Students Reflect – Fall Semester with the International MA in Maritime Civilizations

By Sara Macke & Peri Buch, students of MA program in Maritime Civilizations, 2017-2018 Cohort.


February 25 marked the first day of our second semester as students of the International MA in Maritime Civilizations. The past semester has consisted of a wide and extensive array of classes from micropaleontology to historiography to ship construction, not to forget the many field trips, guest lectures, and field activities also fit into full weeks.  Being so close to the sea and in a country with so much cultural heritage has its benefits. We had a diving trip in Akko and the Tower of Flies, visited the construction site of the new deep water port of Haifa, and saw submerged prehistoric sites along the Carmel coast, as well as the prehistoric caves of Nahal Me’arot and the historical site of Tel Megiddo.

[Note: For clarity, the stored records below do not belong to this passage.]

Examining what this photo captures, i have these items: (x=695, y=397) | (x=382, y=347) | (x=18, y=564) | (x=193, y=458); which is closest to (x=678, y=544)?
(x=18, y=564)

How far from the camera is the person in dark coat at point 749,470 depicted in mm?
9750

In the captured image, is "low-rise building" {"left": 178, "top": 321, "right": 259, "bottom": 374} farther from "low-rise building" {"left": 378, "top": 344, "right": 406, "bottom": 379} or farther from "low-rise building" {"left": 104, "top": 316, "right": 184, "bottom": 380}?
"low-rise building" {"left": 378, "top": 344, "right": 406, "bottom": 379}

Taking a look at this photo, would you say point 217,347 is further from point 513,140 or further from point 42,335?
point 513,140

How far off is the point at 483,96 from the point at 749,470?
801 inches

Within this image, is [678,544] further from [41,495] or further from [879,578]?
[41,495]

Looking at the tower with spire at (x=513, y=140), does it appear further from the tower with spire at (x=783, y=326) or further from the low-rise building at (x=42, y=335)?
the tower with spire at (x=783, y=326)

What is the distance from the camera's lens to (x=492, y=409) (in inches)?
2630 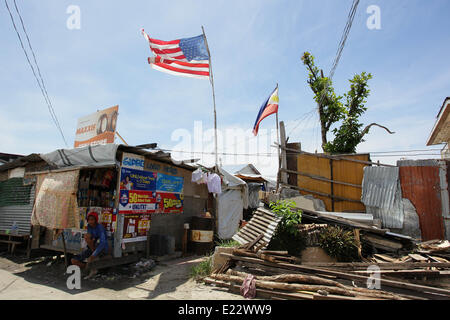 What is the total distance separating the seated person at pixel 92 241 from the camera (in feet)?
22.9

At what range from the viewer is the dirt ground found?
5.45m

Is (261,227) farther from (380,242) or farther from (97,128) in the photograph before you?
(97,128)

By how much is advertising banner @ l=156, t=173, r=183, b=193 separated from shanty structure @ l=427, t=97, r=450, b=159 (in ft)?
34.9

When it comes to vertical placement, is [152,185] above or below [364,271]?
above

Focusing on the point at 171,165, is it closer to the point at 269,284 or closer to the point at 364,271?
the point at 269,284

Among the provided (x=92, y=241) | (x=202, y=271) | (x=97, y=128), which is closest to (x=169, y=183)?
(x=92, y=241)

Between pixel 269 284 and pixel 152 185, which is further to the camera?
pixel 152 185

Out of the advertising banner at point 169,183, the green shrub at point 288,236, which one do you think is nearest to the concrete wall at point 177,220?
the advertising banner at point 169,183

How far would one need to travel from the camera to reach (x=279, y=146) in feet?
39.9

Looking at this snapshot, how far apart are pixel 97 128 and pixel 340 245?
13.5 meters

Over winter break, students, both international and Israeli, enrolled in the courses Survey Methods and Field Methods spent two weeks in the field putting the classes into practice.

At Akko, near the harbor and the Tower of Flies, our class paired up to prepare and manage tasks necessary to conduct underwater survey and excavation. In the first days we practiced our underwater navigation skills, easier said than done in the extremely low visibility due to recent weather. We learned important knots and how to set up equipment like water jets and dredgers. The second half of the week we water jetted in search of a wreck known in the area, and actually found it. We practiced dredging sand and recording a site underwater and on land. We learned about the many different aspects of coastal and underwater archaeology, practiced our new skills, and didn’t lose anything too important underwater.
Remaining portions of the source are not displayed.